Der Oberste Gerichtshof der Vereinigten Staaten hat letzte Woche mit einem einstimmigen Urteil die rechtlichen Hürden für sogenannte Klagen wegen «umgekehrter Diskriminierung» gesenkt. Künftig können weiße, heterosexuelle US-Amerikanerinnen und -Amerikaner in mehr als 20 Bundesstaaten leichter gegen mutmaßlich diskriminierende Entscheidungen klagen – etwa bei Beförderungen oder Entlassungen. In den deutschsprachigen Medien löste der Fall nur ein sehr bescheidenes Echo aus.
Der Fall, der dem Urteil zugrunde liegt, betrifft eine weiße Frau aus dem Bundesstaat Ohio. Sie hatte ihren früheren Arbeitgeber, eine staatliche Jugendbehörde, verklagt, nachdem sie nach eigenen Angaben eine Beförderung nicht erhalten und später ihre Stelle verloren hatte. Die entscheidenden Posten seien mit Personen aus sexuellen Minderheiten besetzt worden. Die Klägerin sah sich deshalb aufgrund ihrer ethnischen Zugehörigkeit und sexuellen Orientierung benachteiligt – eine Argumentation, der die höchsten Richter des Landes nun folgten.
In ihrer Begründung stellten die Richter klar: Diskriminierung sei unabhängig von Mehrheits- oder Minderheitszugehörigkeit grundsätzlich unzulässig. Damit erteilen sie auch einer juristischen Position eine Absage, die lange Zeit im öffentlichen und akademischen Diskurs verbreitet war – nämlich, dass Mehrheitsangehörige strukturell nicht diskriminiert werden könnten.

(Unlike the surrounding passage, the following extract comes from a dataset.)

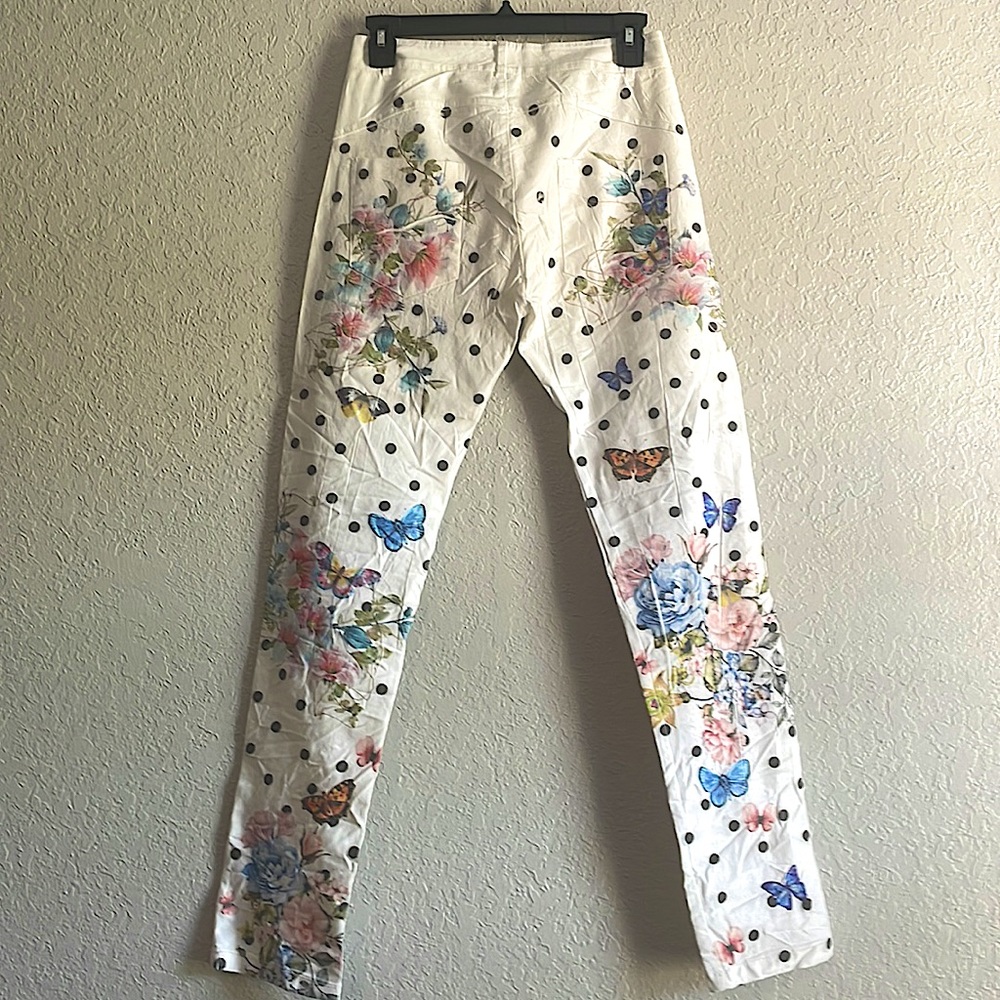 Venti6 Skinny Jeans - Floral Print with Polka Dots and Butterflies - Size 8 - Picture 3 of 5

Das Urteil könnte weitreichende Folgen für die Personalpolitik insbesondere im öffentlichen Sektor haben. In den letzten Jahren hatten viele US-Behörden sogenannte DEI-Richtlinien (Diversity, Equity, Inclusion) eingeführt, die unter anderem eine stärkere Repräsentation von Minderheiten in Verwaltung und Führungsetagen fördern sollten. Diese Programme waren politisch hoch umstritten – Befürworter sahen in ihnen ein Instrument zur sozialen Gerechtigkeit, Kritiker warfen ein, mit ihnen würden neue Ungleichheiten geschaffen.
Bereits während seiner ersten Amtszeit als Präsident hatte Donald Trump mit einer Executive Order versucht, DEI-Initiativen in Bundesbehörden einzuschränken. Diese Order wurde später von der Biden-Administration rückgängig gemacht. Doch mit dem aktuellen Urteil gewinnt die Debatte erneut an Dynamik.
Zivilrechtler sehen in dem Urteil ein mögliches Umdenken im Umgang mit Gleichstellungsmaßnahmen. „Das Gericht hat klargestellt, dass Diskriminierung keine Einbahnstraße ist“, sagte eine Sprecherin der American Bar Association. Ob und wie sich das Urteil konkret auf bestehende Programme auswirkt, wird nun von den Bundesstaaten und Arbeitgebern zu prüfen sein.
Sicher ist: Der gesellschaftliche Diskurs über Gleichheit, Gerechtigkeit und die Grenzen positiver Diskriminierung (also von Maßnahmen, mit denen eine Ungleichbehandlung zugunsten bestimmter Gruppen erfolgt) wird in den USA dadurch nicht leiser – sondern vermutlich noch intensiver geführt werden.
Kommentar von Transition News
Auch in der Schweiz gibt es «umgekehrte Diskriminierung». Ein Deutschschweizer hat es zum Beispiel sehr schwer, bei der Bundesverwaltung eine Stelle zu finden, wenn er nicht gegenüber französisch- oder italienischsprachigen Kandidaten oder Frauen zusätzliche Qualitäten mitbringt. In den letzten Jahren hat dieses Unwesen auch in der Privatwirtschaft begonnen.
Das Problem dabei ist, dass das meist informell gemacht wird, aber kaum je in Reglementen oder Absagebegründungen erwähnt wird. Außerdem gibt es in der Schweiz kein Gesetz, das Diskriminierung ganz allgemein und abstrakt verbietet. Deshalb ist es auch extrem schwierig, dagegen vorzugehen.